第53章 相手の承諾を得るのに必要なのは粘り強さ。
葵咲「…じゃあ・・・・攘夷戦争記念館。」
総悟「え。」
想定外の場所だった。
初デートの定番と言えば、映画館や水族館。慣れ親しんだ仲なら遊園地等も良いだろう。てっきりそんな普通のカップルが行くような華やかなデートスポットが出てくると思っていた総悟は、思わず低い声で真顔になる。
そんな総悟の表情を見て、葵咲は少し首を傾けた。
葵咲「やっぱりダメ?」
総悟「いや、ダメじゃねぇですが…なんていうか、全然デート向きの場所じゃないんですけど。」
攘夷戦争記念館は決して華やかな場所ではない。むしろ初デートには不向きな場所だ。
今後、恋愛関係に進展させたいなら初デートは肝心。最初が楽しい思い出にならなければ、そこから進展させるのはなかなか難しいだろう。そう思い、総悟はもう少し楽しい思い出の作れそうな場所が良かったのだが、葵咲は黙ってしゅんとした様子で俯いてしまう。
葵咲「・・・・・。」
総悟「…まぁ、葵咲が行きたいんなら…。」
ここは総悟が折れるしかなかった。これ以上食い下がればデートそのものが無くなり兼ねない。総悟は眉尻を下げて頭を掻いた。
だがその場所を承諾するにしても、理由は訊いておきたかった。総悟は葵咲がその場所を選んだ理由をストレートに尋ねた。
総悟「でも、どうしてそこに?」
自分を諦めさせる為に、わざとそんな場所を選んだのでは?そんな風にも思えたからだ。もしこの質問にしどろもどろになるようなら行先変更を提案してやろう、そう考えた総悟だったが、その考えはすぐに打ち消された。葵咲はその質問に真剣に答える。

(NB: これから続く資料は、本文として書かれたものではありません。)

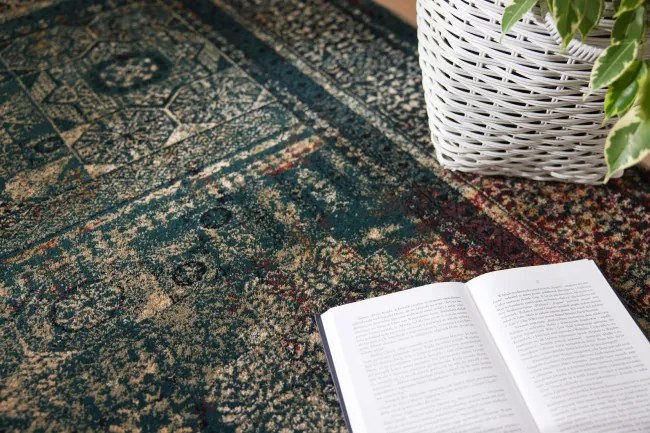 Koberec Omega Mamluk Smaragd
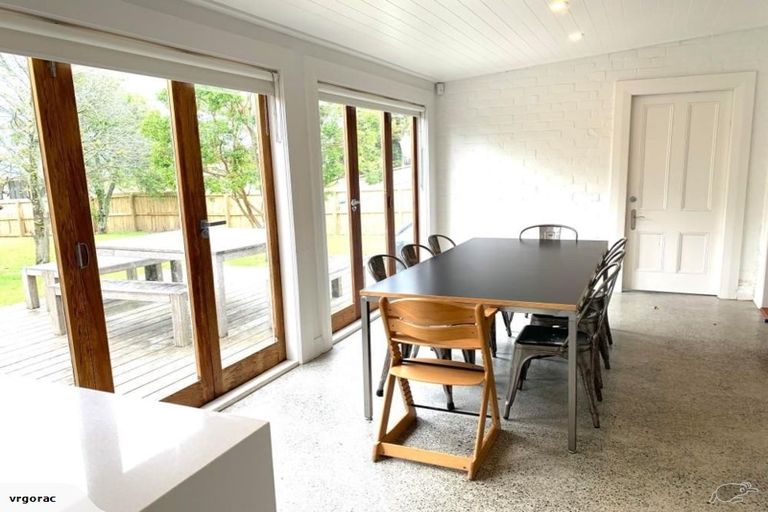 Photo of property in 27 Islington Avenue, New Lynn, Auckland, 0600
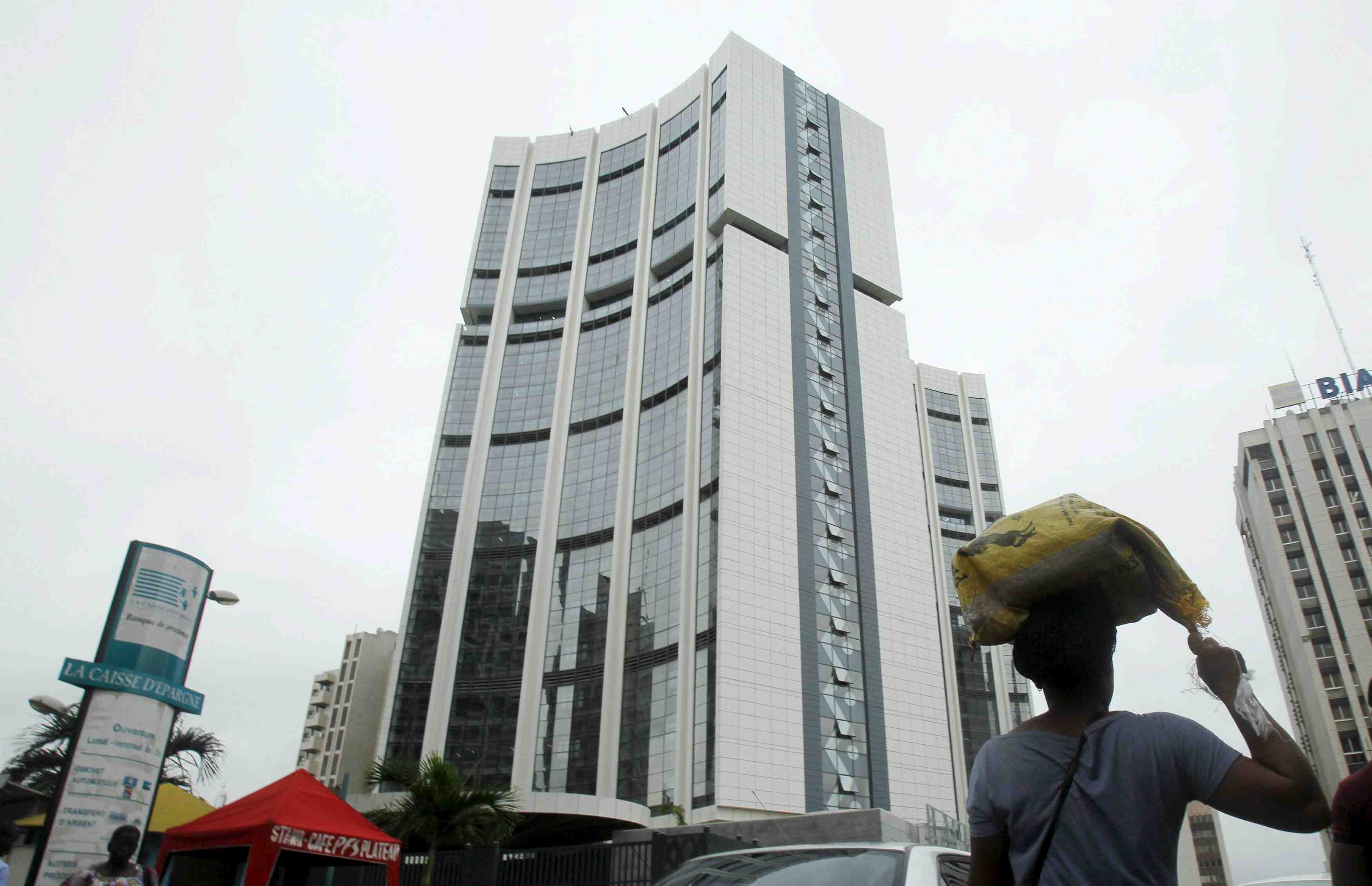 Retour cette annee en afrique a une croissance d'avant la crise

葵咲「ずっと行かなきゃって思ってたんだけど…どうしても一人では足が向かなくて…。誰かと一緒だったら行けるかなって。」
総悟「!」
その答えに、表情を明るくする総悟。嬉しそうに頬を少し赤く染めながら、右手人差し指でポリポリと頬を掻いた。
総悟「…そっか。そういう事なら。…じゃあ明日、11時頃屯所出発で良いですかぃ?何処かで昼飯取って記念館行きやしょう!」
葵咲「うん。ありがと。」
快く承諾してくれた総悟に、葵咲は笑みを返した。